La prospective AGRIMONDE (Rastoin, 2009)[iii] également recommande le développement de modèles alimentaires de proximité (MAP) pour créer une alternative au MAIT (Modèle agroindustriel tertiarisé), dont on s’aperçoit aujourd’hui que son développement à tendance hégémonique conduit à une « impasse alimentaire ».
Ainsi, les forces du marché appliquées au secteur de l’agriculture et de l’alimentation ont tendance à favoriser un modèle agricole et alimentaire basé sur un petit nombre de firmes contrôlant l’alimentation du monde développé et des classes aisées des pays émergents et en développement. A côté de ce système, 800 millions de petits agriculteurs pauvres dans les pays en développement, en particulier en Afrique, ne parviennent pas à se nourrir de leur production agricole et n’ont pas les revenus nécessaires pour acheter les aliments dont ils ont besoin.

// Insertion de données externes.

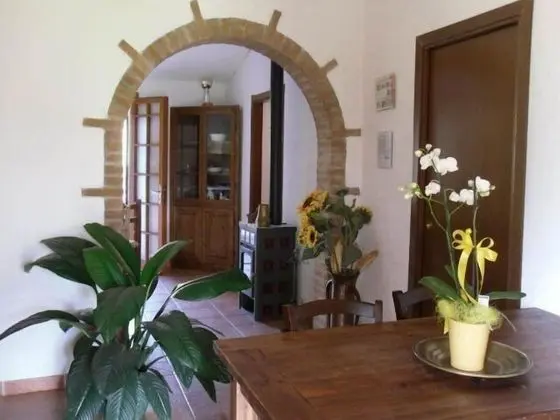 Apart Daire, 1 Yatak Odası, Mutfak, Bahçeli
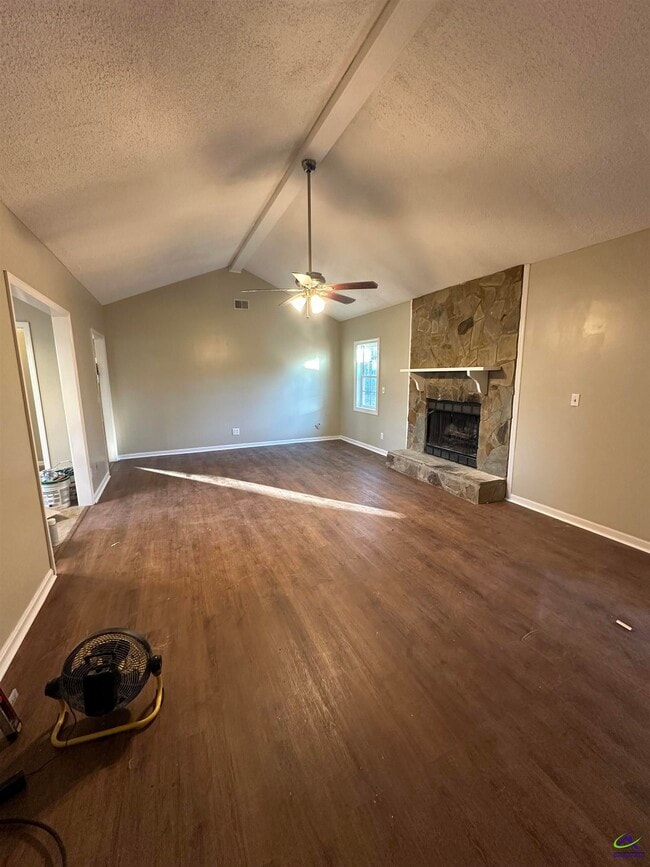 Photo - 106 Country Wood Trail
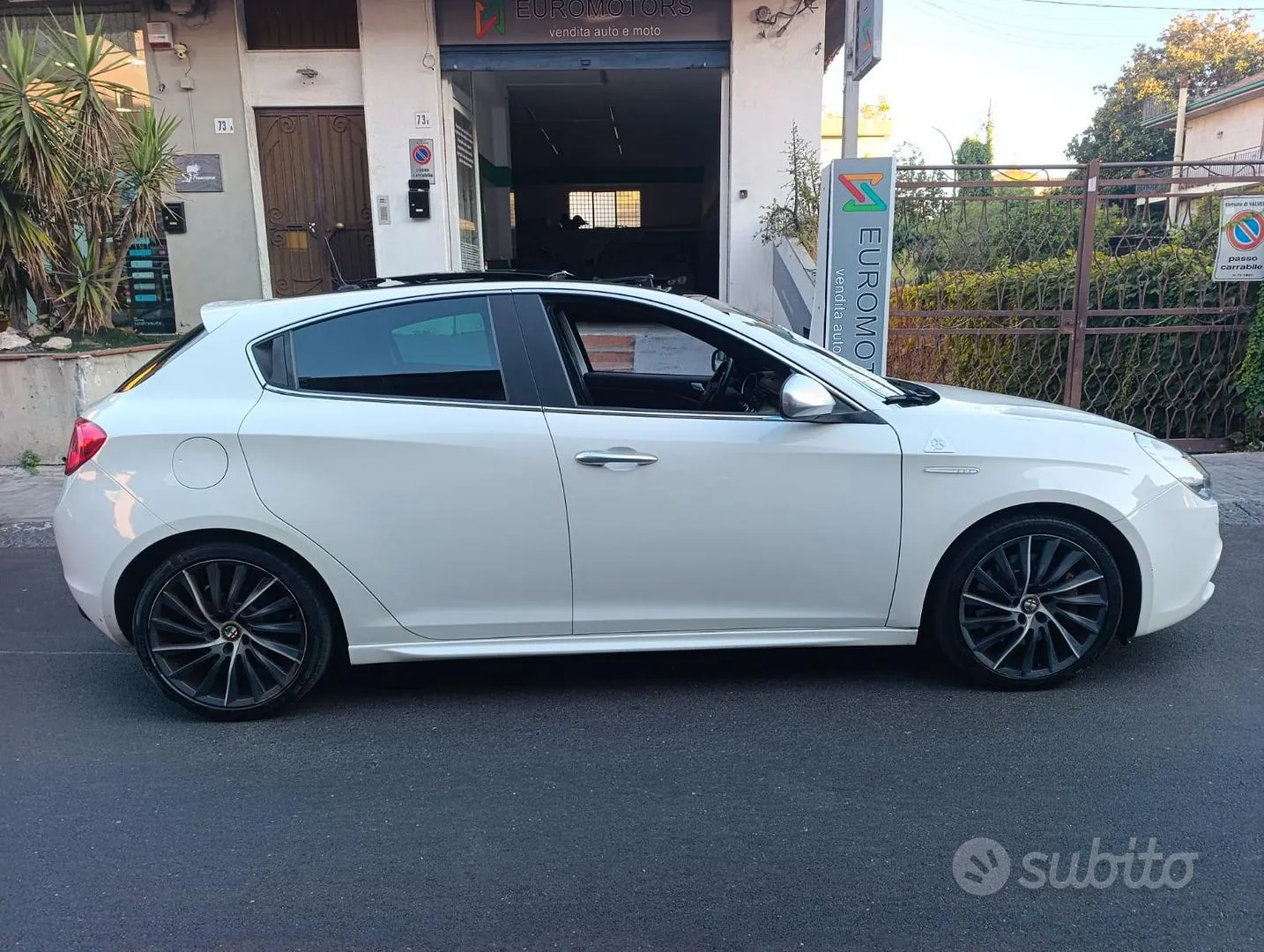 Alfa Romeo Giulietta 2010 photo 2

La remise en cause du système agroalimentaire basé sur l’agriculture industrielle, l’industrie agroalimentaire et les firmes géantes de distribution est partagée aujourd’hui par de nombreux acteurs, y compris au sein des institutions internationales et des organismes de recherche, et n’est pas seulement le fait de militants. Il ne s’agit pas d’éliminer le commerce ou l’exportation, mais de raisonner l’agriculture et les systèmes alimentaires avec différentes échelles de proximité pour différents produits, impliquant des politiques de mise en œuvre de solidarité au niveau local, au niveau des régions, au niveau national, au niveau d’ensembles régionaux (par exemple l’Europe, l’Afrique de l’Ouest, …), et enfin, au niveau mondial.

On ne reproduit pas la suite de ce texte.